Un nombre a la medida
Desde la cabecera municipal de San Vicente de Chucurí hasta la nueva finca de los Blanco Hernández llamada Vista Hermosa, hay cuarenta y cinco minutos de recorrido en carro. Una vía angosta y lisa con plantas de cacao y arrayanes a los costados, trazan la hoja ruta hasta la finca. Un camino empinado abruman a los aventureros que intentan subir a pie. Parece mentira o exageración, pero es cierto: vale más llegar en taxi –un Renault 9 modelo 82’– que pagar un pasaje en bus intermunicipal de Bucaramanga a San Vicente de Chucurí. Menos mal la finca queda en la vereda ‘Centro’.

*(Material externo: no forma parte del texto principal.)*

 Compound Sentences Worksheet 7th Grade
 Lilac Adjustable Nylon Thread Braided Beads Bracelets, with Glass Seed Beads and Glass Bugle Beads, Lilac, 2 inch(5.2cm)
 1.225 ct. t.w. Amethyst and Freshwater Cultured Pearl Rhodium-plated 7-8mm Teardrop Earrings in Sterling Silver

En un desvío súbito está la entrada de la finca. Como primera línea de defensa sale ‘Lu’, el perro de la casa, criollo, alto con orejas largas. Justo antes de ingresar, una orquídea que está a punto de florecer capta la mirada. Joaquín saluda e invita a seguir.
Cuenta que en su finca tiene 72 especies de aves. Una de color negro y amarillo roba la atención. “Es un toche”, dice Joaquín. Así es, es un Icterus chrysater, ese es su nombre científico. Nos ubicamos en el comedor de la casa, frente a un ventanal que deja correr la brisa y permite apreciar el porqué la finca se llama “Vista Hermosa”.

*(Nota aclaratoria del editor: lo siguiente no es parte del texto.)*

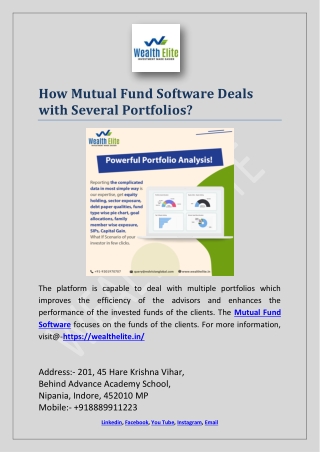 How Mutual Fund Software Deals with Several Portfolios?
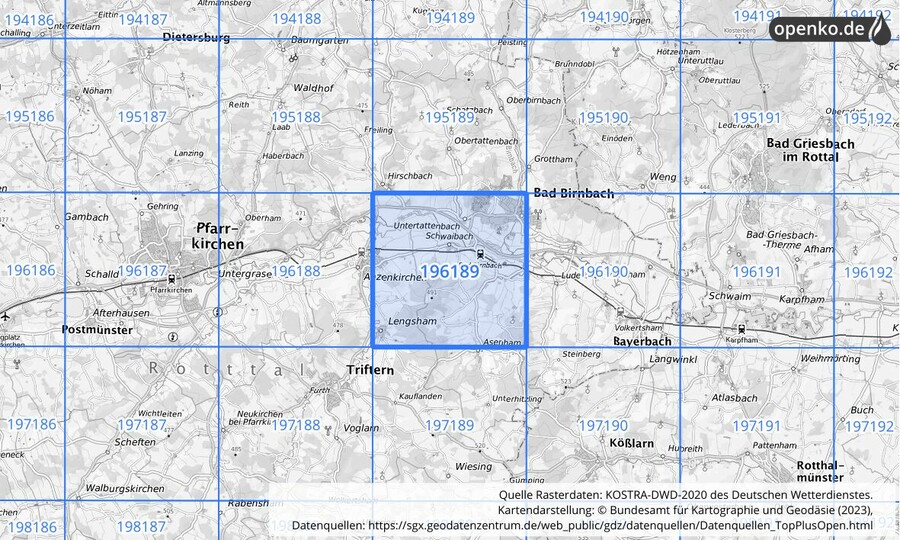 Übersichtskarte des KOSTRA-DWD-2020-Rasterfeldes Nr. 196189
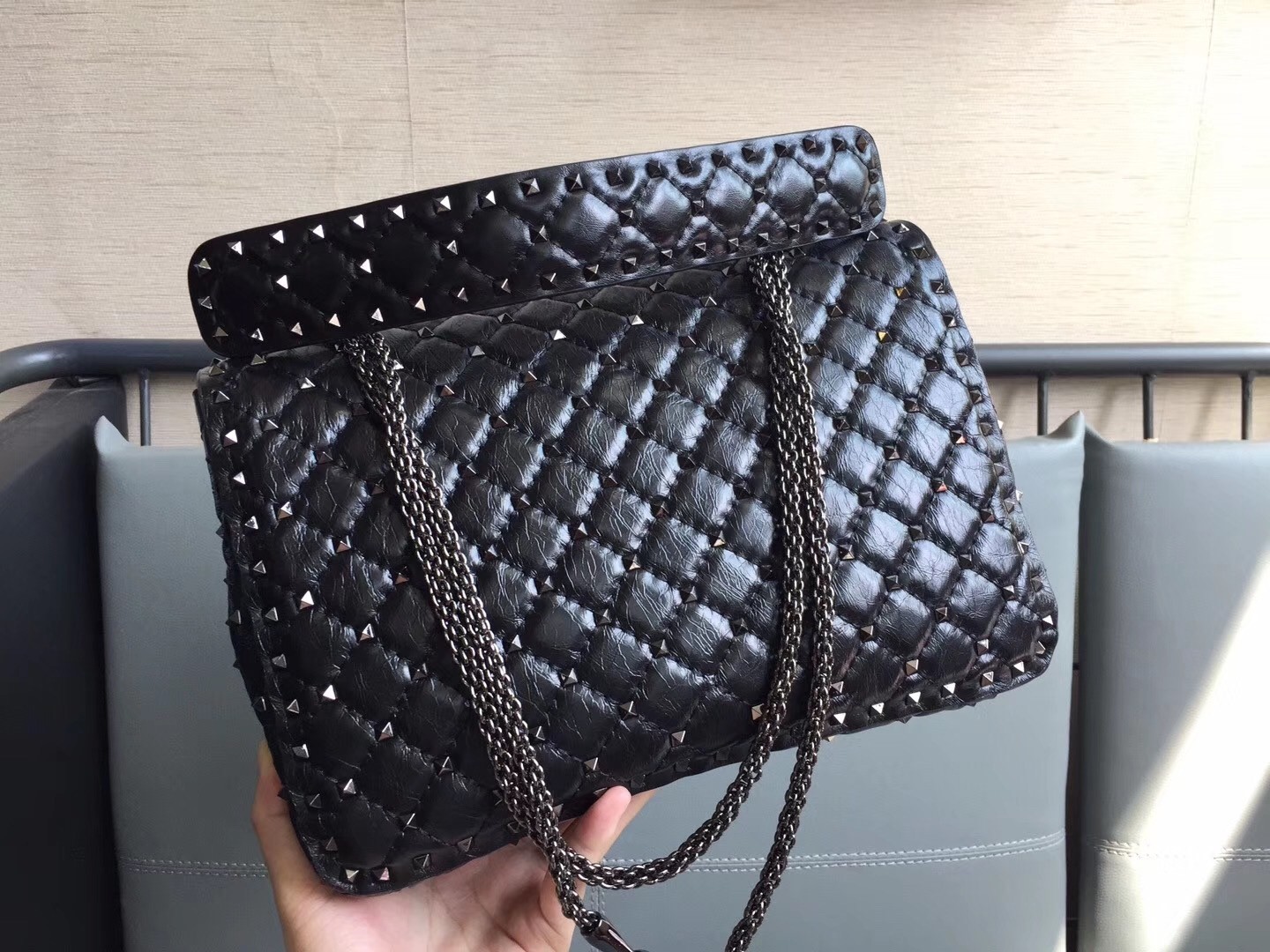 Valentino Large Crinkled Lambskin Rockstud Spike Shoulder Bag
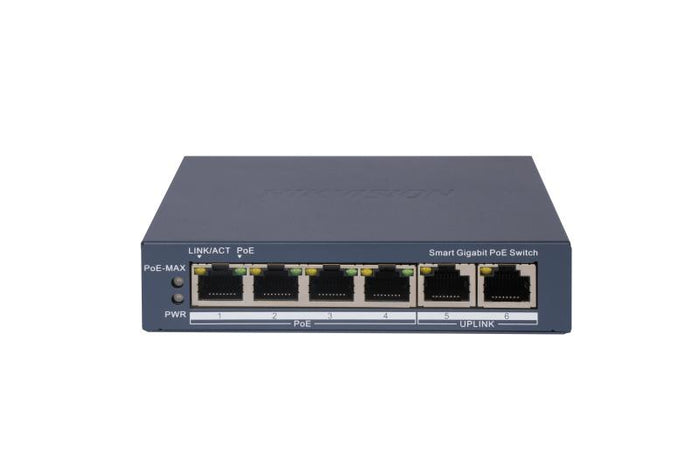 Hikvision Security - 4Ports L2  Smart Managed  4 Gigabit RJ45 PoE ports  2 Gigabit RJ45 port - DS-3E1506P-EI Hikvision Security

Al degustar un tinto, él y Elizabeth cuentan su historia, parece que tuvieran un guion acordado: fijan la mirada el uno al otro, cuando no saben algo se miran y sonríen, cuando quieren reflexionar acomodan su butaco y fijan el recuerdo en la siguiente postal: montañas verdes y tupidas a la izquierda marcan la vereda Cantagallos (bajo); en la central parte baja la cabecera municipal de San Vicente de Chucurí; hacia la derecha se contempla parte de la represa de Hidrosogamoso; el único elemento que varía es la ubicación del sol. Con esa mano amigable con el ambiente, han logrado que esta finca sea el hogar natural de 72 especies de aves, once especies de escarabajos y de vertebrados como: conejos salvajes, zarigüeyas, zorros y armadillos. Vista Hermosa se ha convertido en el resguardo de esas especies.

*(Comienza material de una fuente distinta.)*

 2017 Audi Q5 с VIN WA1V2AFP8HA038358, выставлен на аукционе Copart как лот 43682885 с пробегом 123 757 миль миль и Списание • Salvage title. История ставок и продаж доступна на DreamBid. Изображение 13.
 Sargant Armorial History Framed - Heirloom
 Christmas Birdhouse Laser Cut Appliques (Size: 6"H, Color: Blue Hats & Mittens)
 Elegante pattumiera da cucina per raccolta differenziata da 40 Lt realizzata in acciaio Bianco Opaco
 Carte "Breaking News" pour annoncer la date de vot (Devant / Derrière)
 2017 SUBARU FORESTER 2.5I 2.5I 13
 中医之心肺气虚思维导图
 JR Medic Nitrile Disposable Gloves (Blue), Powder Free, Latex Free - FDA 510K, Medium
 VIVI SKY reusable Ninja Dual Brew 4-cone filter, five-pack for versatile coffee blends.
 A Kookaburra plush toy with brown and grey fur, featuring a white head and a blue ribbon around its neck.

Sostiene, con sumo cuidado, las hojas de un ‘Panela quemada’ que tiene tres años de sembrado y no supera los 60 centímetros de altura. “Este árbol en máximo tamaño no lo veremos nosotros, se demora cien años”, asegura Blanco con una sonrisa tenue. La postal es engañosa. Para algunos, este hombre no ha hecho mucho, simplemente dejar sembrado los bosques del futuro; como si eso fuera poco.
Es el inicio de una apuesta en grande: reconciliar el medioambiente con las prácticas agrícolas.
Según la Organización de las Naciones Unidas para la Alimentación y la Agricultura, más conocida como FAO, la agroforestería se da “donde la siembra de los cultivos y árboles forestales se encuentran secuencialmente y en combinación con la aplicación de prácticas de conservación de suelo”, como si la repasara todas las noches, la familia tiene claro ese concepto, lo ejercen a diario. Para ellos, no es solo el significado formal de la palabra, es su futuro. Cultivar café, cacao, duraznos, moras, aguacates y hasta maíz, en armonía con la naturaleza, con el crecimiento de los árboles nativos de bosque, esa es la meta. El progreso es evidente.
Esa es precisamente la apuesta de la familia Blanco Hernández. Sus integrantes están inmersos en las dinámicas de agroforestales como si quisieran devolverle a la naturaleza todos los favores recibidos.
Los senderos escurridizos de los cultivos están plagados de hojas marchitas. Es el equilibrio entre bosques y cultivos: que los frutos se puedan dar sin ningún tipo de químico. Eso compone el rastrojo, es el primer paso para tener bosques. Joaquín ha destinado dos hectáreas de su finca para, lo que él llama, “mi ‘bosquecito’”. Es ahí donde espera reponerle a la naturaleza los embates que le ha propiciado, es su retribución.